**Source records:**
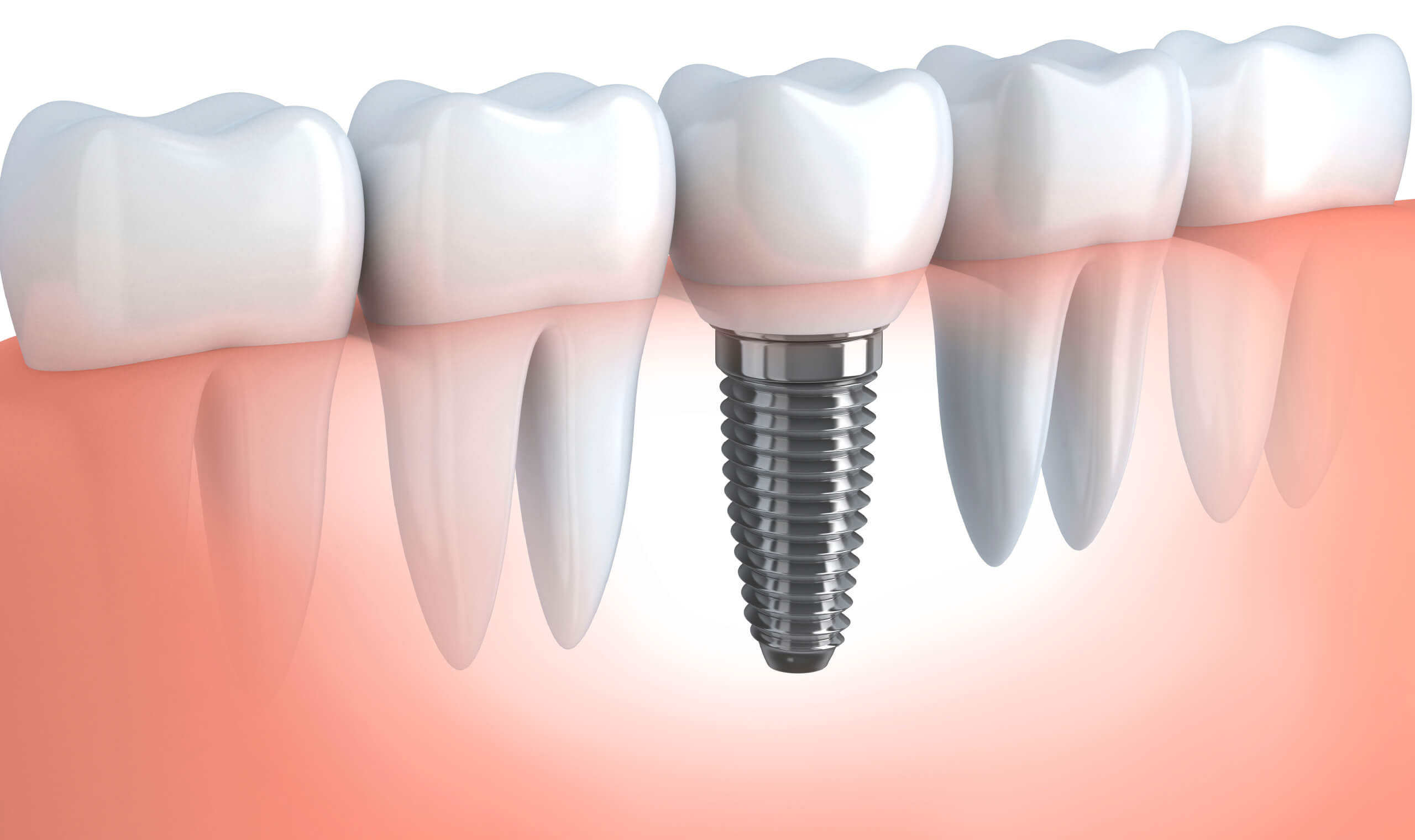 dental implants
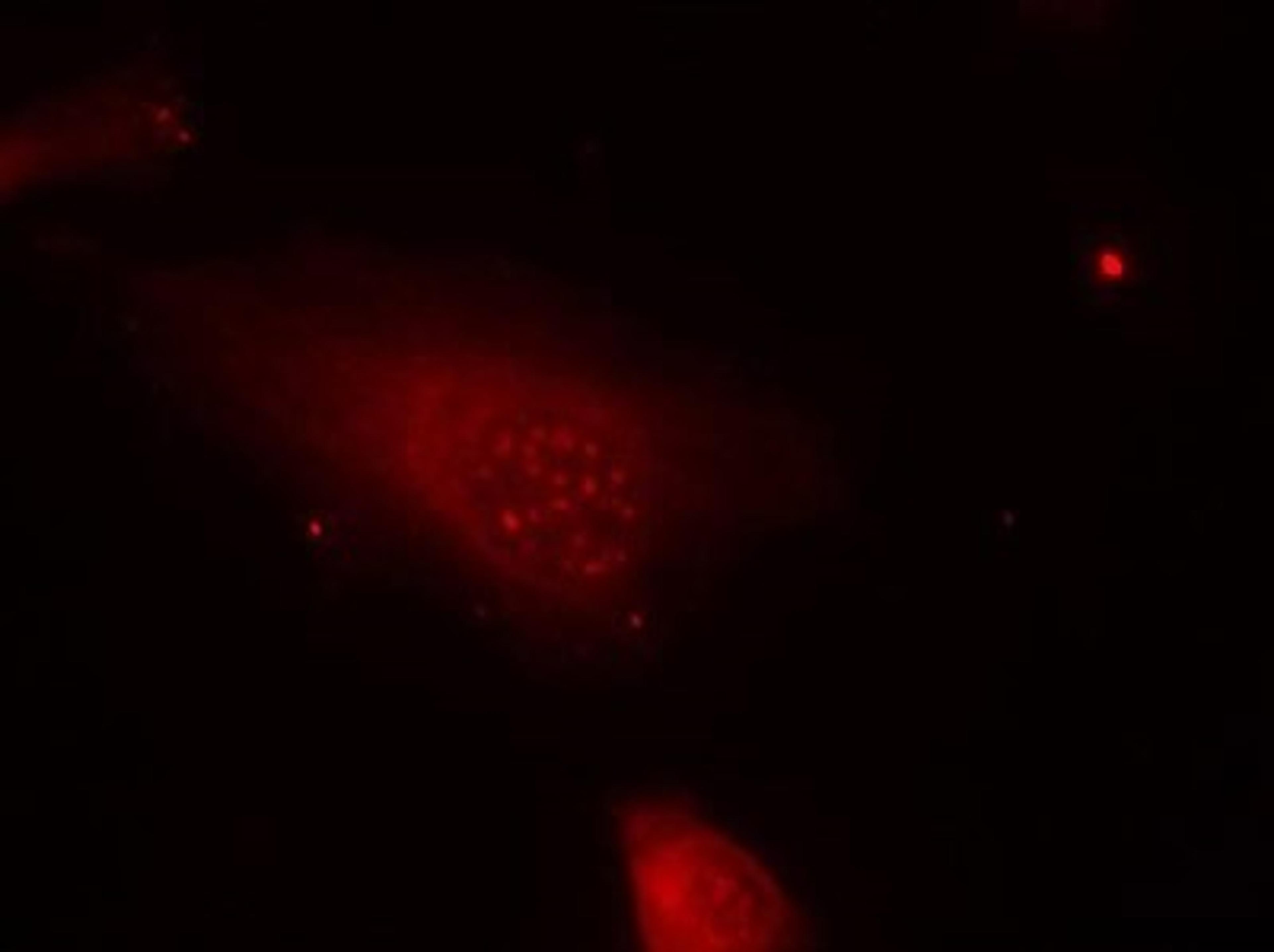 Immunocytochemistry/Immunofluorescence: FOXO1A [p Ser319] Antibody [NB100-81925] - Staining of methanol-fixed Hela cells using FKHR(Phospho-Ser319) antibody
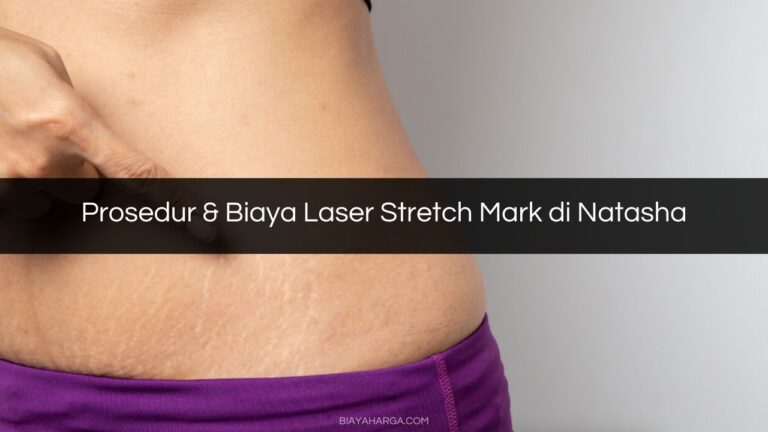 Prosedur & Biaya Laser Stretch Mark di Natasha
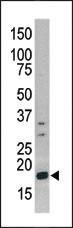 Anti-FAM109A Rabbit Polyclonal Antibody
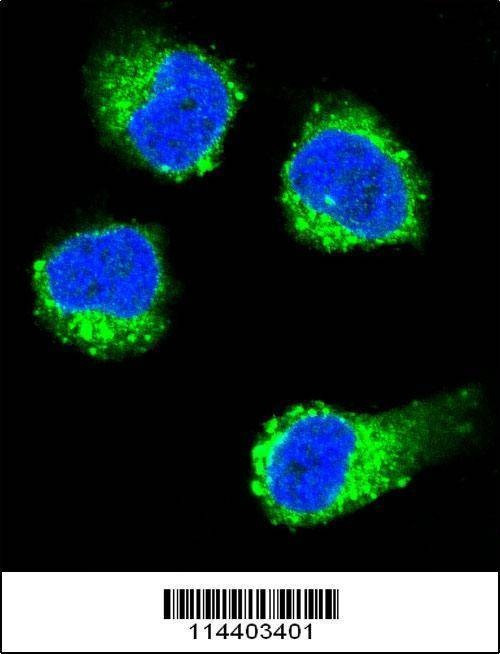 Anti-NGFB (Center) Antibody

**What is needed:** Your reply should hold only the lines from the one that contains "Prosedur & Biaya" through the last line of the records above, exact and complete, and no pictures.

**Answer for the task:**
 Prosedur & Biaya Laser Stretch Mark di Natasha
 Anti-FAM109A Rabbit Polyclonal Antibody
 Anti-NGFB (Center) Antibody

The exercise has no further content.